**ASSIGNMENT:** Your task is to restate word for word the lines in the material below, from the one with "Exelero - Yellow Loveseat 2 Seater Sofa" up to and including the one with "Vintage Blue Jean". Do not carry over the pictures.

**DATA FOR ANALYSIS:**
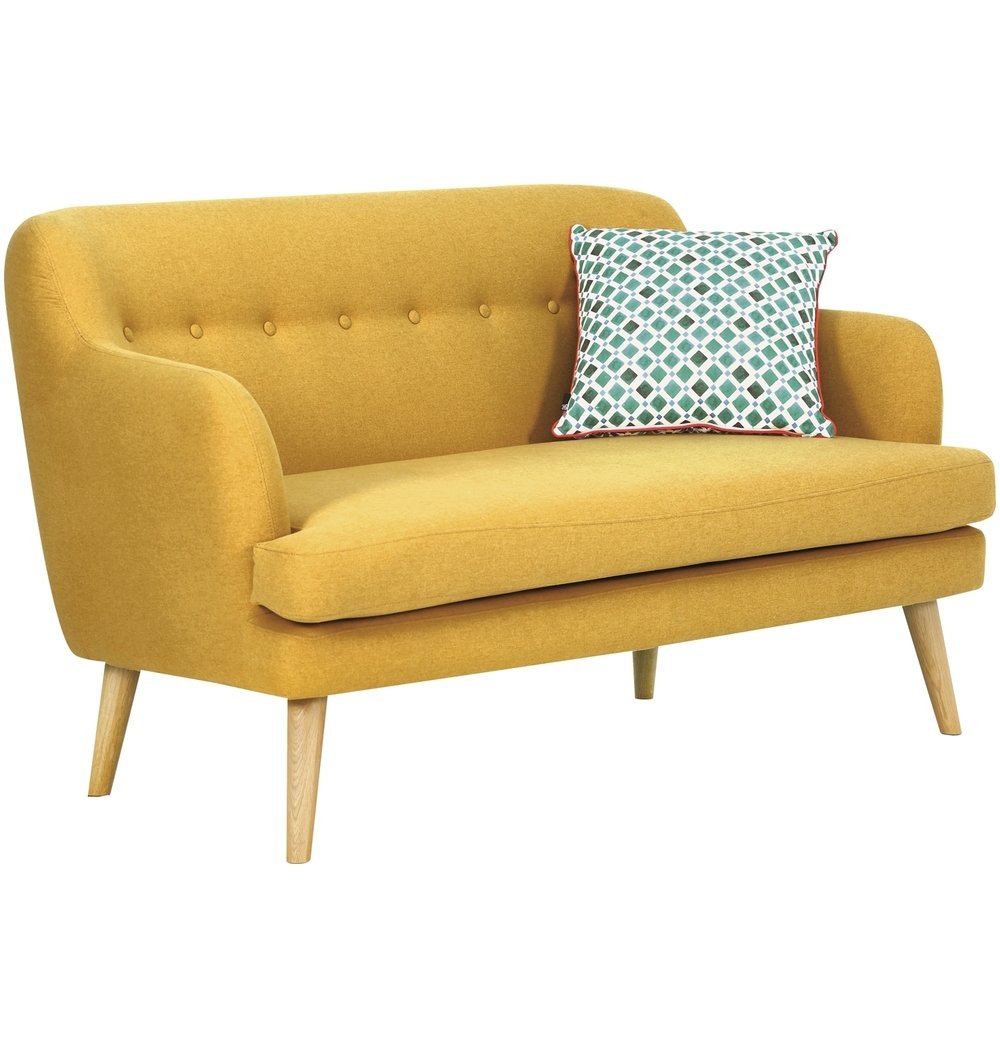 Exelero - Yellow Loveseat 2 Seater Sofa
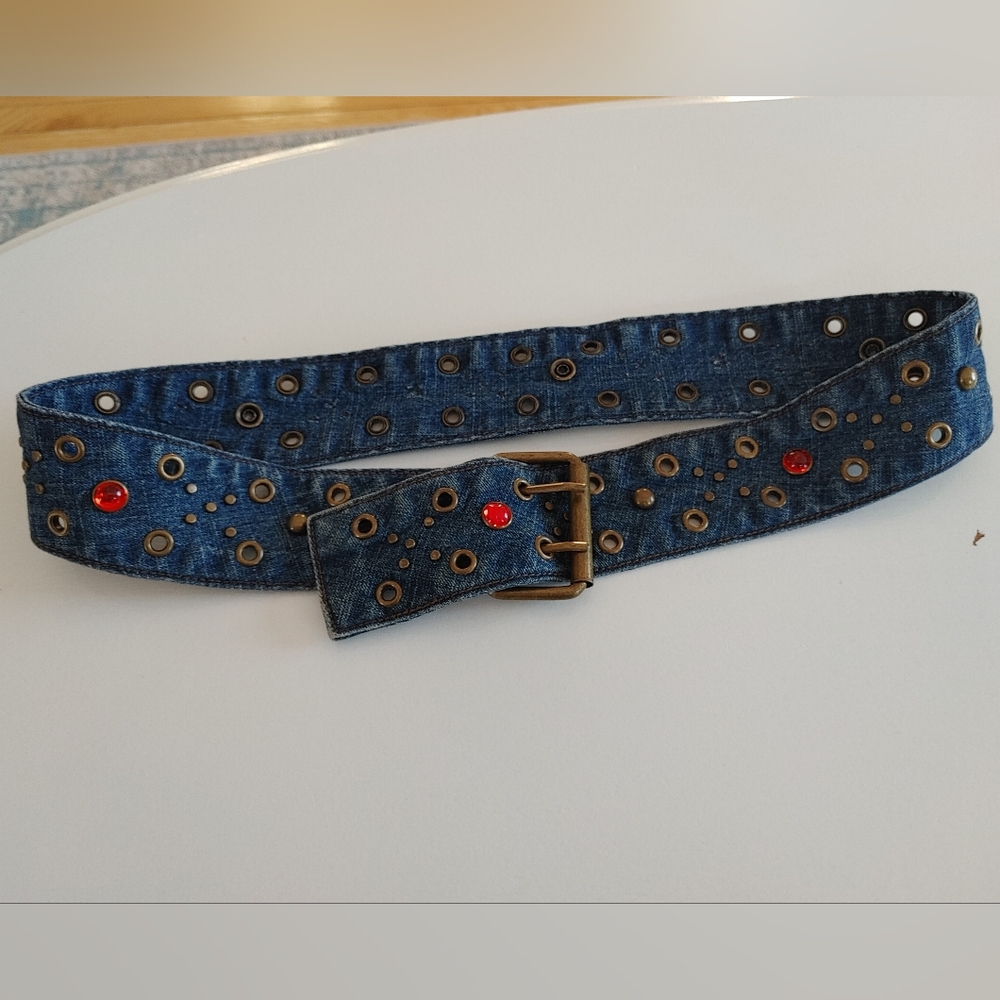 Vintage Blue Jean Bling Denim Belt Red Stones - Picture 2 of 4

* * *

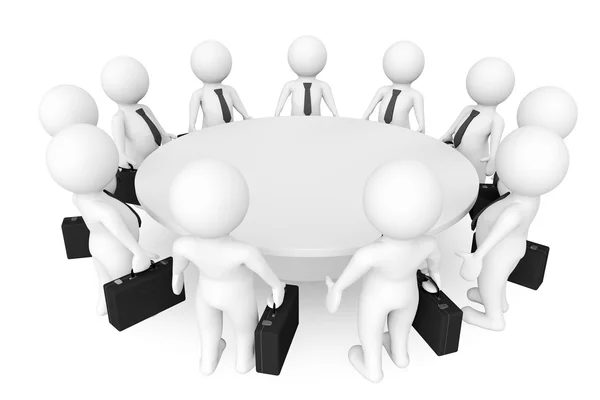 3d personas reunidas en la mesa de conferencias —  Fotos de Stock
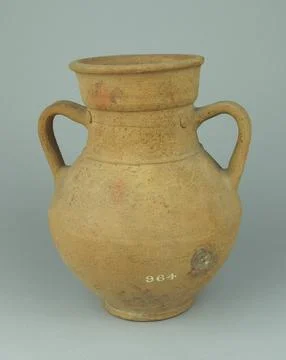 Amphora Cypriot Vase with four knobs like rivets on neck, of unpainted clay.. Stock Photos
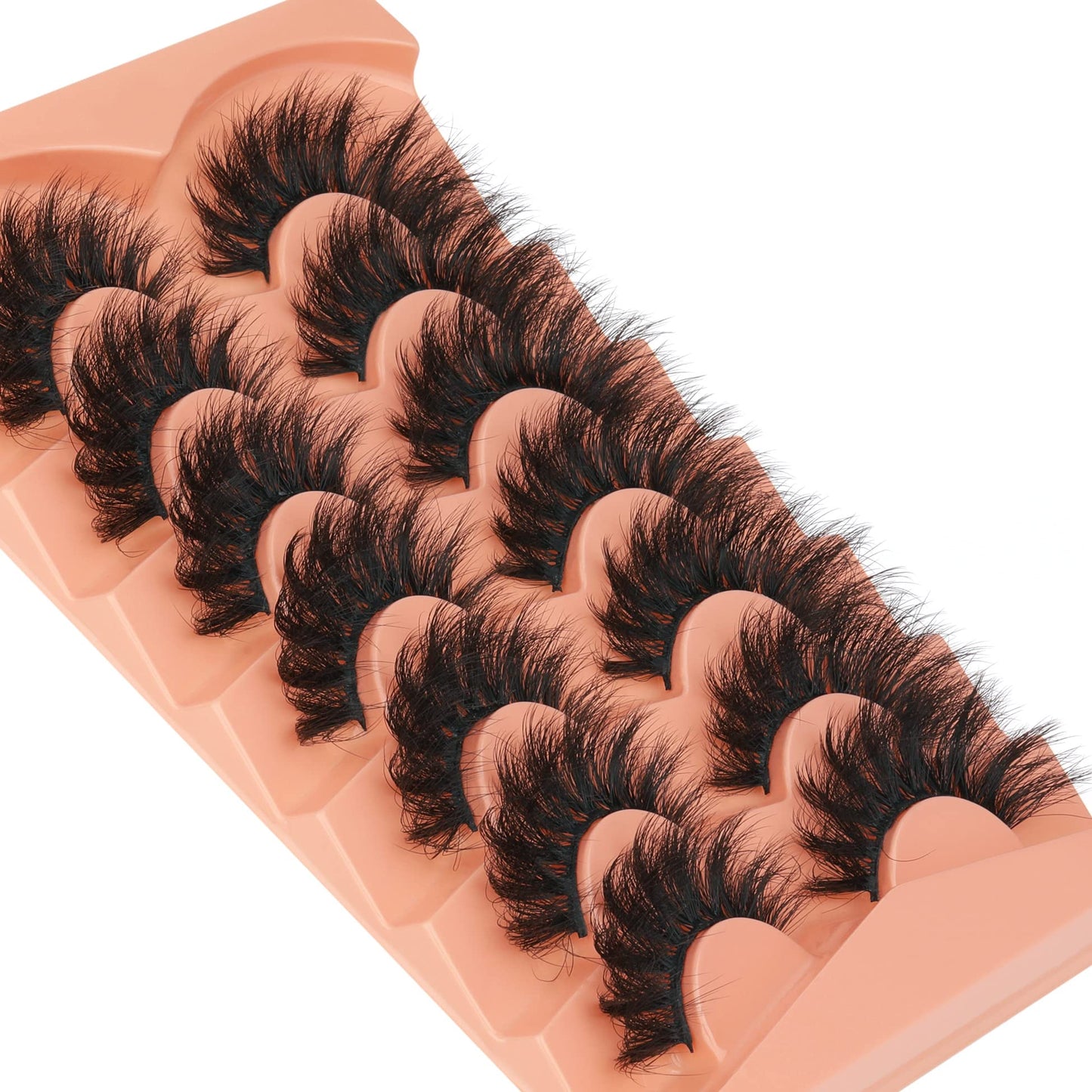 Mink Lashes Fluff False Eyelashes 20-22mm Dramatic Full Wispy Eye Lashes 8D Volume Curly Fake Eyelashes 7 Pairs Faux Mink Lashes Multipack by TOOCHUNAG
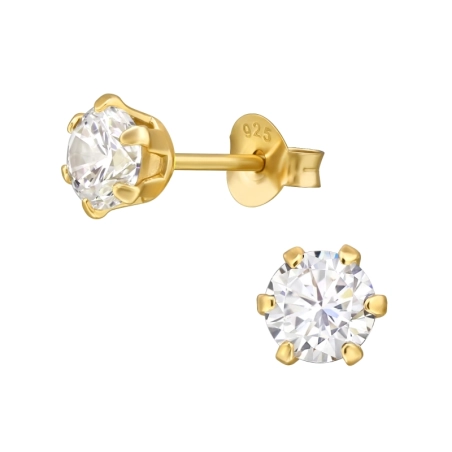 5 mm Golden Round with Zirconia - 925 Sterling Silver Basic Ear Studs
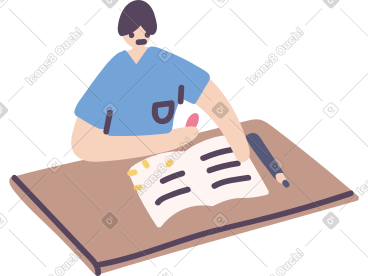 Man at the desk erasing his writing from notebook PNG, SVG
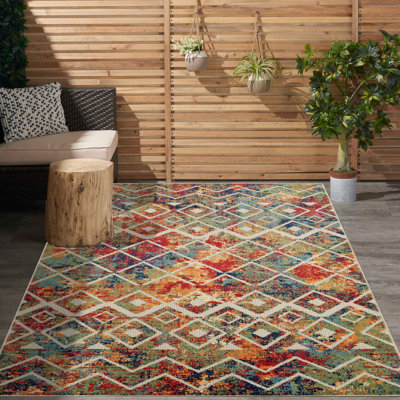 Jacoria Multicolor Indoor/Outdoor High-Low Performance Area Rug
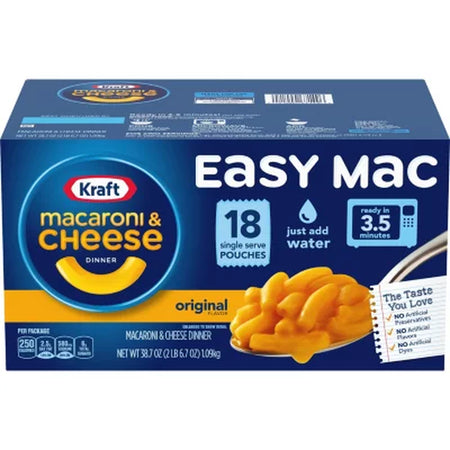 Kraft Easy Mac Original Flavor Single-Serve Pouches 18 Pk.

**YOUR RESPONSE:**
 Exelero - Yellow Loveseat 2 Seater Sofa
 Vintage Blue Jean Bling Denim Belt Red Stones - Picture 2 of 4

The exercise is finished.